Information supplied below:

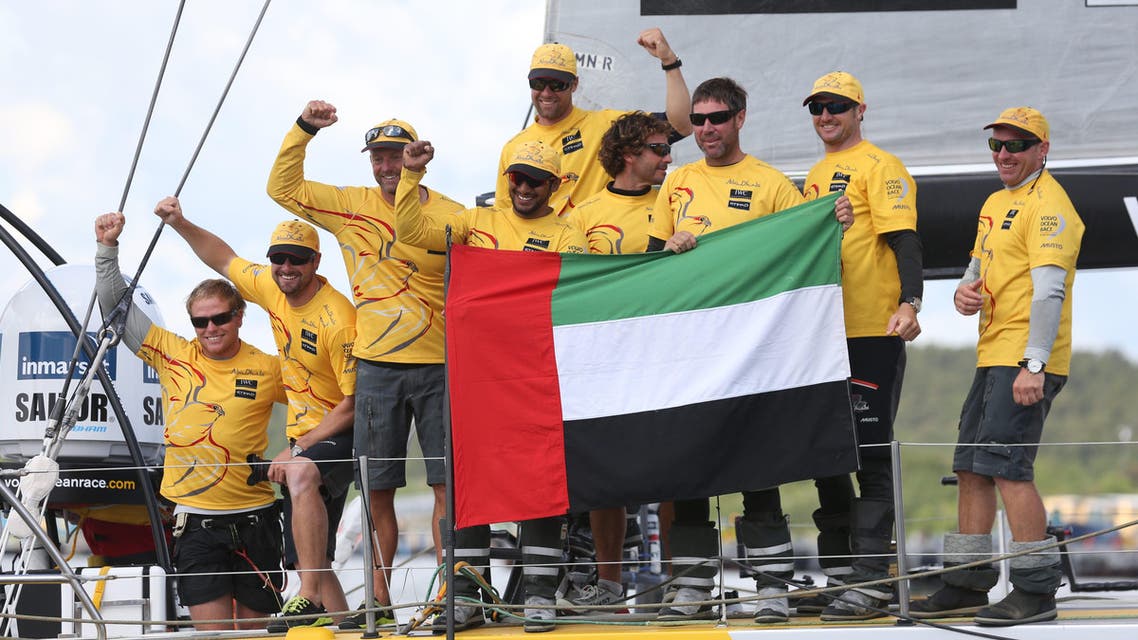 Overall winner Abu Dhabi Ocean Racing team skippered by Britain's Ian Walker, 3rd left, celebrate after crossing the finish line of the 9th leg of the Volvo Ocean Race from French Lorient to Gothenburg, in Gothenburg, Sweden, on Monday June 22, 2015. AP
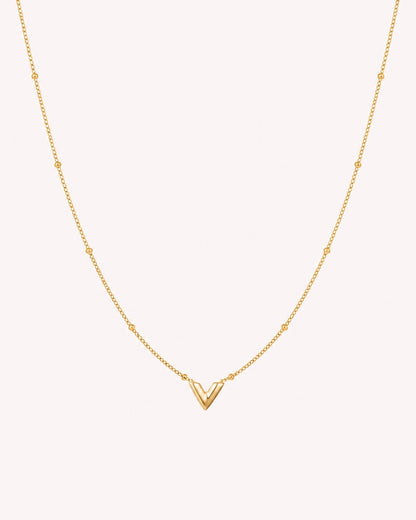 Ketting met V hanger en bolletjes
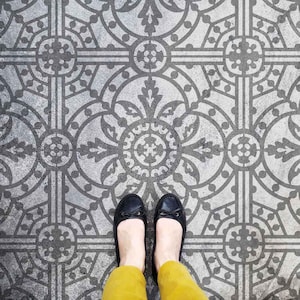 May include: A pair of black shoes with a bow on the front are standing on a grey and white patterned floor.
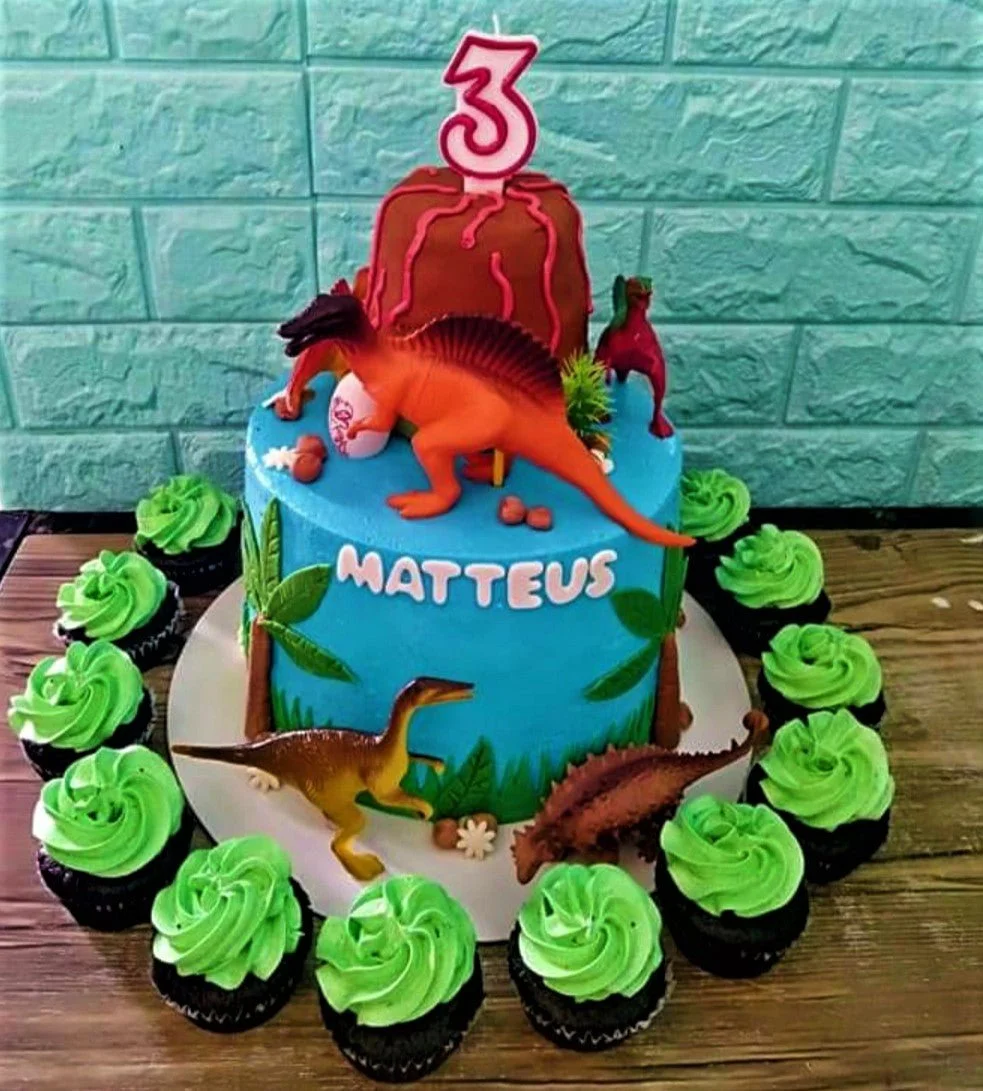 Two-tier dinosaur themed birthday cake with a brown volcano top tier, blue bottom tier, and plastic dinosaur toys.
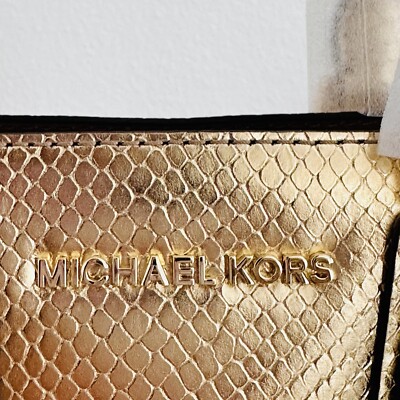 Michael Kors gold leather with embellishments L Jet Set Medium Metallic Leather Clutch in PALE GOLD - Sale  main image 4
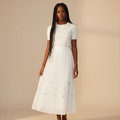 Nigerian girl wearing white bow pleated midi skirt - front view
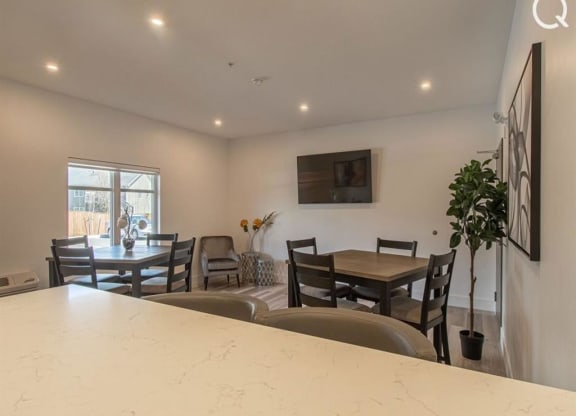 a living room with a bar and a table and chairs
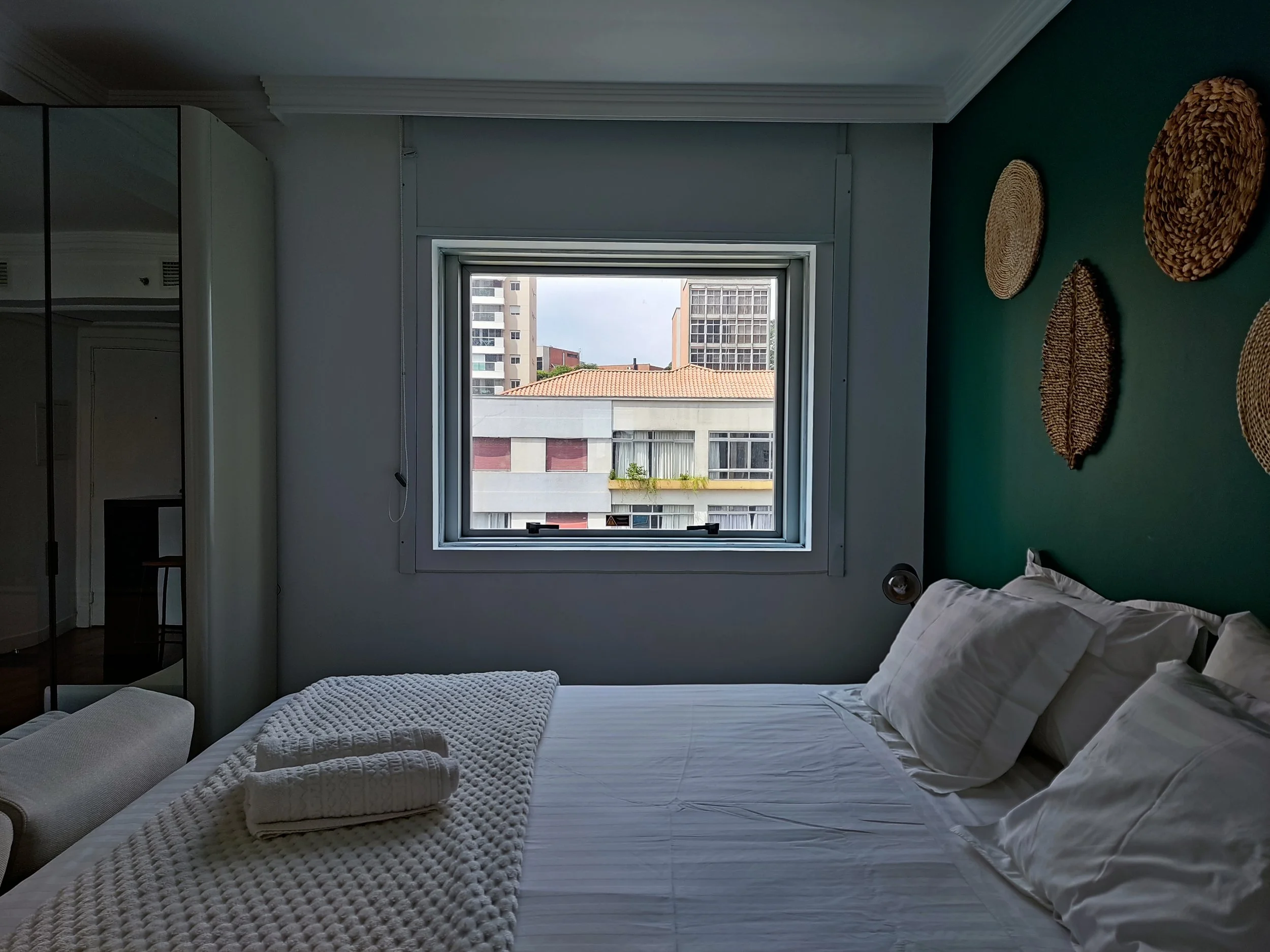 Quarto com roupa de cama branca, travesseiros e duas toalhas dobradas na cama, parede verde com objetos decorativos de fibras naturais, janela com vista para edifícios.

End of Information supplied.

Exercise |
Leave the pictures out and copy the rest of the data exactly.

Task output |
 Overall winner Abu Dhabi Ocean Racing team skippered by Britain's Ian Walker, 3rd left, celebrate after crossing the finish line of the 9th leg of the Volvo Ocean Race from French Lorient to Gothenburg, in Gothenburg, Sweden, on Monday June 22, 2015. AP
 Ketting met V hanger en bolletjes
 May include: A pair of black shoes with a bow on the front are standing on a grey and white patterned floor.
 Two-tier dinosaur themed birthday cake with a brown volcano top tier, blue bottom tier, and plastic dinosaur toys.
 Michael Kors gold leather with embellishments L Jet Set Medium Metallic Leather Clutch in PALE GOLD - Sale  main image 4
 Nigerian girl wearing white bow pleated midi skirt - front view
 a living room with a bar and a table and chairs
 Quarto com roupa de cama branca, travesseiros e duas toalhas dobradas na cama, parede verde com objetos decorativos de fibras naturais, janela com vista para edifícios.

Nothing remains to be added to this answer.